In der Landsberger Hl. Kreuz Kirche ist ein Seitenaltargemälde „Triumph des heiligen Ignatius von Loyola, umgeben von den vier Erdteilen“ aus dem Jahr 1754 überliefert. Im Gegensatz zum Scheerer Bild ist Göz’ Signatur hier eindeutig zu erkennen. Drei von vier Erdteilen hat er dem sechs Jahre zuvor entstandenen Rosenkranzgemälde entnommen, wobei er hier allerdings die Rollen anders verteilt hat: Der Afrika-Allegorie in Scheer entspricht nun die Asien-Allegorie in Landsberg, die Figur der Asia in Scheer repräsentiert nun den Kontinent Europa.

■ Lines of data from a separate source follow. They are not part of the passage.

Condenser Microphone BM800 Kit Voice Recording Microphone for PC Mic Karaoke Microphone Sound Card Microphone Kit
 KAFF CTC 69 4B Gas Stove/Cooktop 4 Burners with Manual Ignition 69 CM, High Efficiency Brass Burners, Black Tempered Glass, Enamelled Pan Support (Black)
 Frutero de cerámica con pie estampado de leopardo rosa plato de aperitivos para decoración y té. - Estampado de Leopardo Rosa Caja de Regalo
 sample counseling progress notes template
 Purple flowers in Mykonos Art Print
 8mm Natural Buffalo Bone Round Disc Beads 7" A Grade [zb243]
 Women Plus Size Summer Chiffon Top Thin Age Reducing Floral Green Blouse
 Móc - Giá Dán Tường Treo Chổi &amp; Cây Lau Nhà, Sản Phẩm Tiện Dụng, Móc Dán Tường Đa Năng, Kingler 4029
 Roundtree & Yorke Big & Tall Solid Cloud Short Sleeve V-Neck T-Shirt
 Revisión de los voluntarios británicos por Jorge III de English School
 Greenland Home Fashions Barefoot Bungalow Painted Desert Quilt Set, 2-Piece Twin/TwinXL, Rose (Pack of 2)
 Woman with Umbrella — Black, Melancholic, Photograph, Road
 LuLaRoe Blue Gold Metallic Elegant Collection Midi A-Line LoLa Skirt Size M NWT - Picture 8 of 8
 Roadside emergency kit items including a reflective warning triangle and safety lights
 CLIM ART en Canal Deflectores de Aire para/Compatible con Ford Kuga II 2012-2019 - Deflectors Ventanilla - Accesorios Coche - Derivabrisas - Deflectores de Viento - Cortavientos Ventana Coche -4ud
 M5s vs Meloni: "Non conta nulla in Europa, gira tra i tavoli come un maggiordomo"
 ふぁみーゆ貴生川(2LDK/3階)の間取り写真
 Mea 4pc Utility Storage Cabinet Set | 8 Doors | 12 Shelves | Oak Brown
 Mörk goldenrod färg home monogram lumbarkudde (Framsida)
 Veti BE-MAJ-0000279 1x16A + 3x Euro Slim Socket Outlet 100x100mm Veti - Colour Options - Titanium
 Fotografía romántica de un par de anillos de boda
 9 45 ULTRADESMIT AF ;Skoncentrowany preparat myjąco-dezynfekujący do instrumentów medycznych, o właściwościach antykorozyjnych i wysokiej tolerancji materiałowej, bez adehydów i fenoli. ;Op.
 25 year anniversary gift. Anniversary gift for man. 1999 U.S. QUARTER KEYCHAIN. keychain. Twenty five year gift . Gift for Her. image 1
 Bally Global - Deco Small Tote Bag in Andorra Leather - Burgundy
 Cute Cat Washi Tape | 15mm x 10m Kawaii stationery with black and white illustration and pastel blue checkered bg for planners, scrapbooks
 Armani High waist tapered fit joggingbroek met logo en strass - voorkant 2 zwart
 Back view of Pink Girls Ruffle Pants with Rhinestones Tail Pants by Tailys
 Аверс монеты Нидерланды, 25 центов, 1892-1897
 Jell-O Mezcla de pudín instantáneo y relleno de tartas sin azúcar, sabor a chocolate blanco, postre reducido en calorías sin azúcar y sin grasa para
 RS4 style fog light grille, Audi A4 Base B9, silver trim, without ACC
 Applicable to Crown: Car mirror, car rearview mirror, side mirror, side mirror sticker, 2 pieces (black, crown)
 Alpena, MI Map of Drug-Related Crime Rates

Einzig die Personifikation der Amerika behielt ihre Identität. Weggelassen hat Göz die Tierattribute und bediente sich für die vierte Allegorie Afrika in Landsberg woanders. In einer Zeichnung „Verherrlichung Mariens durch die vier Erdteile“, die in der Hamburger Kunsthalle aufbewahrt wird, findet sich die Vorlage. Zwar datierte Eduard Isphording die Zeichnung 1983 unbegründet in die Sechzigerjahre,[6] jedoch legte 1990 Michel Reistle den dazugehörigen Kupferstich in seiner Künstlermonografie „Joseph Wannenmacher ein schwäbischer Kirchenmaler des 18. Jahrhunderts…“ vor und datierte ihn auf circa 1750, indem er ihn als Vorlage des 1754 entstandenen Erdteilfreskos im Chor der Wallfahrtskirche Ave Maria in Deggingen nachwies.[7] Hierdurch rückt die Entstehung der Zeichnung in die Nähe zum Scheerer Altarbild und zu den ebenfalls 1748 entstandenen und von Göz signierten Erdteilallegorien im Chor der Dominikanerinnenkirche Habsthal. Die Unterschiede in Gestik, Haltung, Kleidung et cetera zwischen diesen drei Gruppen der Erdteilallegorien überwiegen zwar die Gemeinsamkeiten, aber auffällig ist, dass den Figuren in der Zeichnung und im Habsthaler Fresko eine viel größere Bewegtheit, wenn nicht Dramatik innewohnt. Die Allegorien verbeugen sich mit Schwung oder eilen mit ausgestreckten Händen herbei. Diese Dynamik des Bildgeschehens findet sich auch im Landsberger Altarbild wieder, während das Scheerer dies vermissen lässt. Die Figuren sind ruhiger, starrer in Ausdruck und Haltung. Diese innerbildliche Spannung wird durch die geringere ornamentale Ausschmückung der Gewänder der einzelnen Figuren in Habsthal und in Landsberg im Vergleich zu Scheer nochmals verstärkt. Während etwa der Saum des Mantels der Scheerer Afrika-Allegorie reich mit Gold-Applikationen verziert ist, sticht das flächige kräftige Rot des Mantels ins Auge des Betrachters und steht mehr in der Habsthaler Tradition.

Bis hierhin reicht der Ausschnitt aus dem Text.